We can use this signal in our ranking, by including a popularity rank profile, as defined below at the bottom of schemas/news.sd. Note that rank profiles are defined outside the document block:

schema news {
    document news {
        field news_id type string {
            indexing: summary | attribute
            attribute: fast-search
        }
        field category type string {
            indexing: summary | attribute
        }
        field subcategory type string {
            indexing: summary | attribute
        }
        field title type string {
            indexing: index | summary
            index: enable-bm25
        }
        field abstract type string {
            indexing: index | summary
            index: enable-bm25
        }
        field body type string {
            indexing: index | summary
            index: enable-bm25
        }
        field url type string {
            indexing: index | summary
        }
        field date type int {
            indexing: summary | attribute
            attribute: fast-search
        }
        field clicks type int {
            indexing: summary | attribute
        }
        field impressions type int {
            indexing: summary | attribute
        }
    }

    fieldset default {
        fields: title, abstract, body
    }

    rank-profile popularity inherits default {
        function popularity() {
            expression: if (attribute(impressions) > 0, attribute(clicks) / attribute(impressions), 0)
        }
        first-phase {
            expression: nativeRank(title, abstract) + 10 * popularity
        }
    }
}
  • rank-profile popularity inherits default

    This configures Vespa to create a new rank profile named popularity, which inherits all the properties of the default rank-profile; only properties that are explicitly defined, or overridden, will differ from those of the default rank-profile.

  • first-phase

    Relevance calculations in Vespa are two-phased.

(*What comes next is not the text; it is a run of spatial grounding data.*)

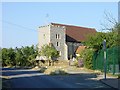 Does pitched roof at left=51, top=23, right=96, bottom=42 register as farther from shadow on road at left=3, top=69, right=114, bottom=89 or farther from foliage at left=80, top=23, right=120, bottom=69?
shadow on road at left=3, top=69, right=114, bottom=89

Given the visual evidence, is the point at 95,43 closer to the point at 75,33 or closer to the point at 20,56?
the point at 20,56

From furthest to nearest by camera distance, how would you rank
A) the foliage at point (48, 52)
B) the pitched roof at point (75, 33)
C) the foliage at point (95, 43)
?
the pitched roof at point (75, 33) < the foliage at point (48, 52) < the foliage at point (95, 43)

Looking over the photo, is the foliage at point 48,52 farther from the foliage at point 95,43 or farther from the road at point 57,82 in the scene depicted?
the road at point 57,82

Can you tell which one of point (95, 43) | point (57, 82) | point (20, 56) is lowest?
point (57, 82)

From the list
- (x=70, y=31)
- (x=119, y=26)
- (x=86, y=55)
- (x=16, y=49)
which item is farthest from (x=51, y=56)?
(x=119, y=26)

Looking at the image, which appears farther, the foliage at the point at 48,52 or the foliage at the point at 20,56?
the foliage at the point at 20,56

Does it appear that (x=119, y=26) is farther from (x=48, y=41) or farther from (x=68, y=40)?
(x=68, y=40)

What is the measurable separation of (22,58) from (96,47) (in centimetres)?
4736

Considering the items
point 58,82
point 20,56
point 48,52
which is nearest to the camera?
point 58,82

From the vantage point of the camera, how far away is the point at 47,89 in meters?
20.8

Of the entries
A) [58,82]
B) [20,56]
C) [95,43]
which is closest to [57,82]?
[58,82]

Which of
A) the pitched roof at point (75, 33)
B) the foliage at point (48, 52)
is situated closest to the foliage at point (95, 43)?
the foliage at point (48, 52)

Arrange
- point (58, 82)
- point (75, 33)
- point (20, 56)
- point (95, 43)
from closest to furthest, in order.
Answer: point (58, 82) < point (95, 43) < point (20, 56) < point (75, 33)

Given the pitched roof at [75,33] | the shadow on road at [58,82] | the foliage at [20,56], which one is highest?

The calculations done in the first phase are performed on every single document matching your query, while the second phase calculations are only done on the top n documents as determined by the calculations done in the first phase. See phased ranking.

  • function popularity()

    This sets up a function that can be called from other expressions. This function calculates the number of clicks divided by impressions for indicating popularity. However, this isn't really the best way of calculating this as an article with a low number of impressions can score high on such a value, even though uncertainty is high.

  • expression: nativeRank + 10 * popularity

    This expression is used to rank documents. Here, the default ranking expression — the nativeRank of the default fieldset — is included to make the query relevant, while the second term calls the popularity function. The weighted sum of these two terms is the final relevance for each document. Note that the weight here, 10, is set by observation. A better approach would be to learn such values using machine learning.

More information can be found in the schema reference.

Deploy the popularity rank profile:

$ vespa deploy --wait 300 my-app

Run a query:

$ vespa query -v \
  'yql=select * from news where default contains "music"' \
  'ranking=popularity' 

and find documents with high popularity values at the top. Note that we must specify the rank profile to use with the run time ranking parameter.

Conclusion

After completing this part of the tutorial, you should now have a basic understanding of how you can load data into Vespa and effectively search for content. In the next part of the tutorial, we'll start with the basics for transforming this search app into a recommendation system.